● **MATERIAL FOR THIS TASK**:
◇ ◇ ◇ ◇ ◇ ◇ ◇
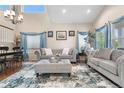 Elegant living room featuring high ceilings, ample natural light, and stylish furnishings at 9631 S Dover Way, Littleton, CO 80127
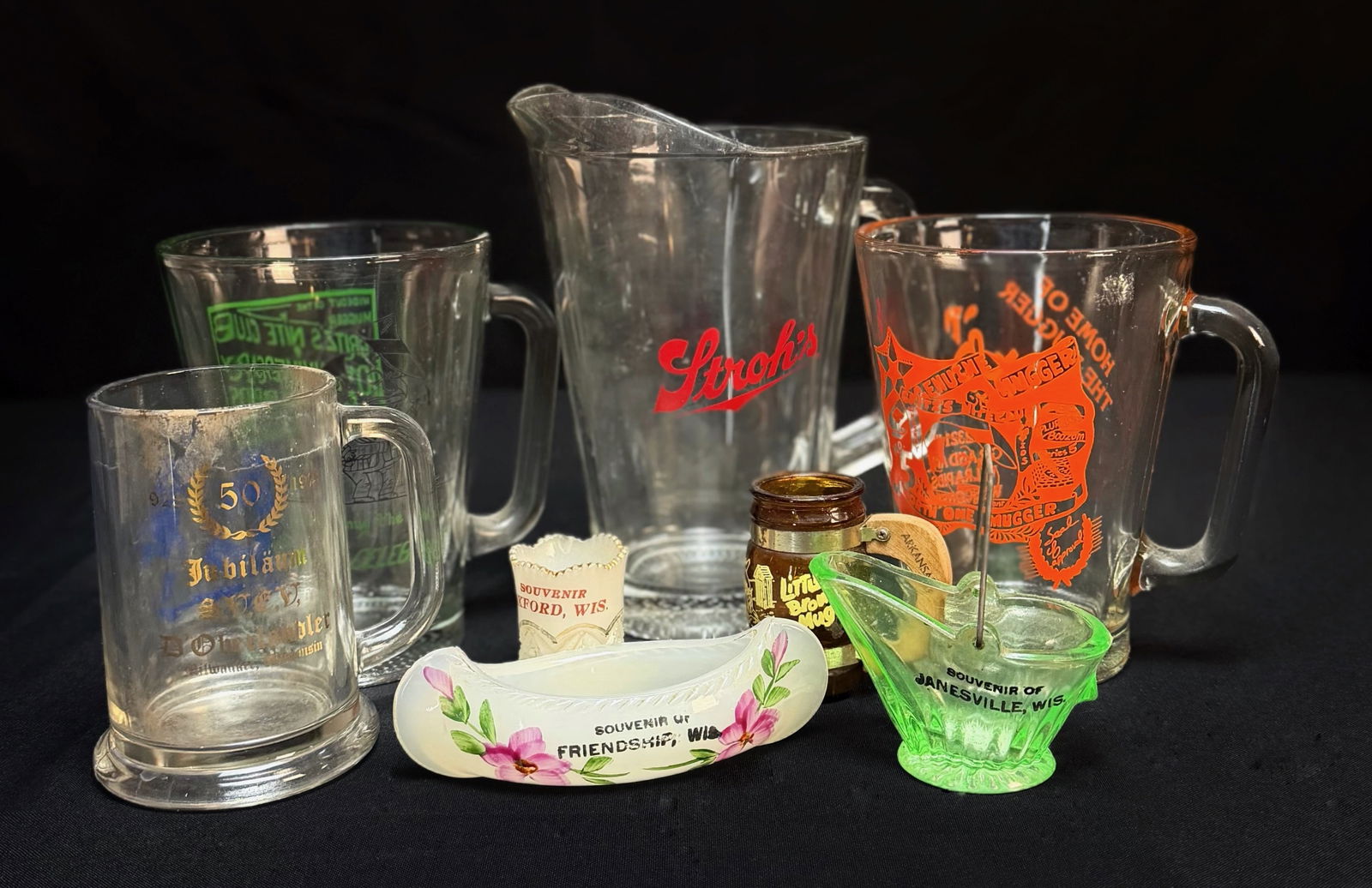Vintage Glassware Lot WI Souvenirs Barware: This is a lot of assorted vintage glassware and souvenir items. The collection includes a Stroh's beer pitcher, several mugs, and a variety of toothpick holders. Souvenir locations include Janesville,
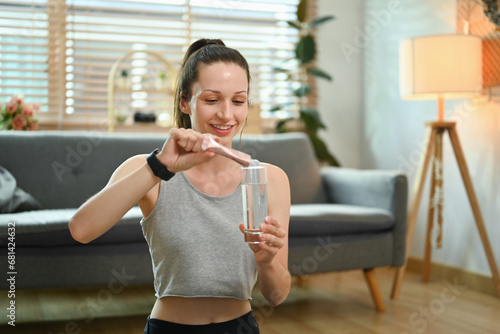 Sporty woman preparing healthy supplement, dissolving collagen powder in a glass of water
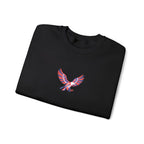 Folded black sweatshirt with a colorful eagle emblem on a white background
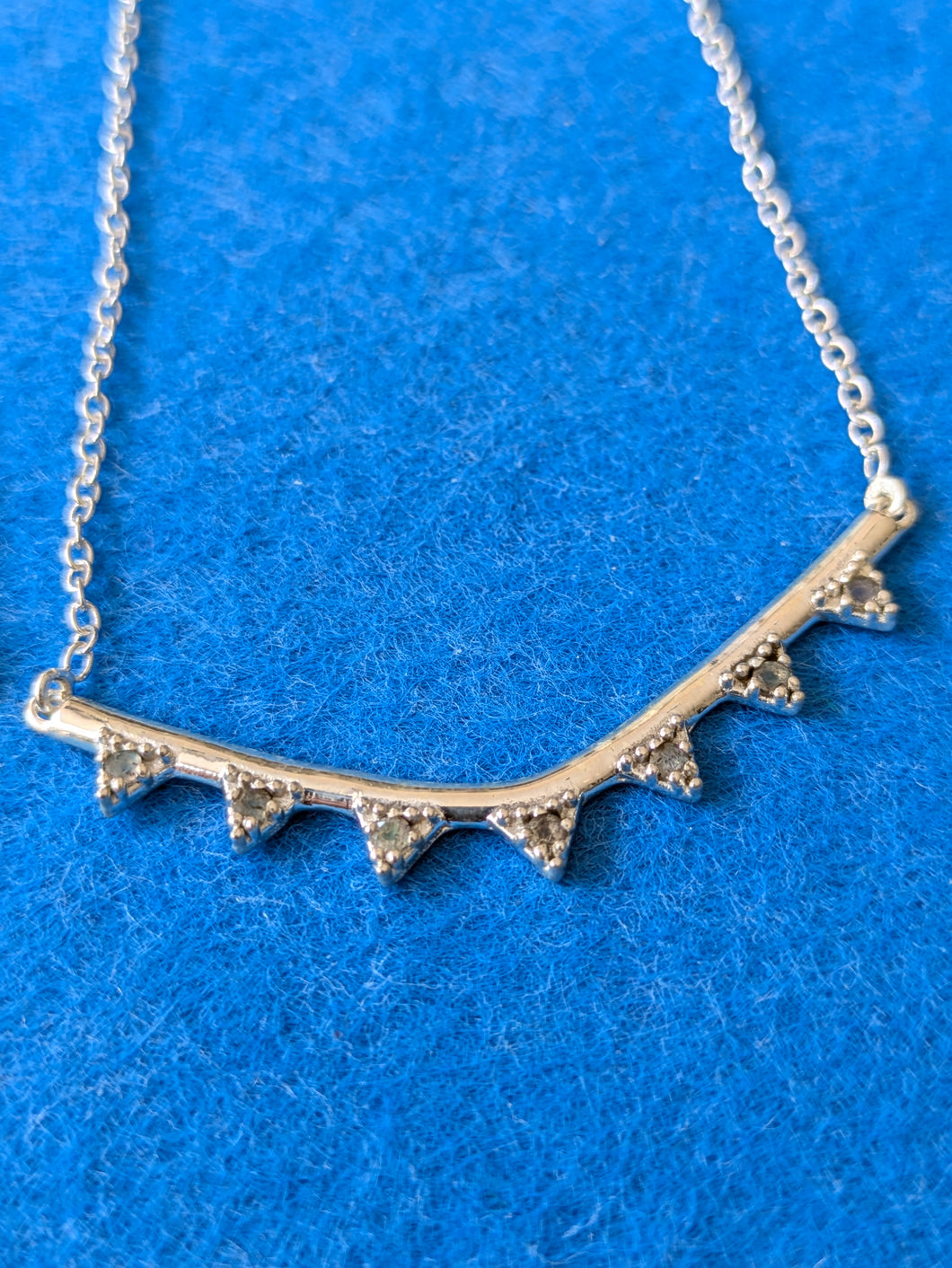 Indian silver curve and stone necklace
◇ ◇ ◇ ◇ ◇ ◇ ◇
● **ACTION ITEM**: Please restate each entry exactly, but drop any picture it holds.

● **ANSWER AREA**:
 Elegant living room featuring high ceilings, ample natural light, and stylish furnishings at 9631 S Dover Way, Littleton, CO 80127
Vintage Glassware Lot WI Souvenirs Barware: This is a lot of assorted vintage glassware and souvenir items. The collection includes a Stroh's beer pitcher, several mugs, and a variety of toothpick holders. Souvenir locations include Janesville,
 Sporty woman preparing healthy supplement, dissolving collagen powder in a glass of water
 Folded black sweatshirt with a colorful eagle emblem on a white background
 Indian silver curve and stone necklace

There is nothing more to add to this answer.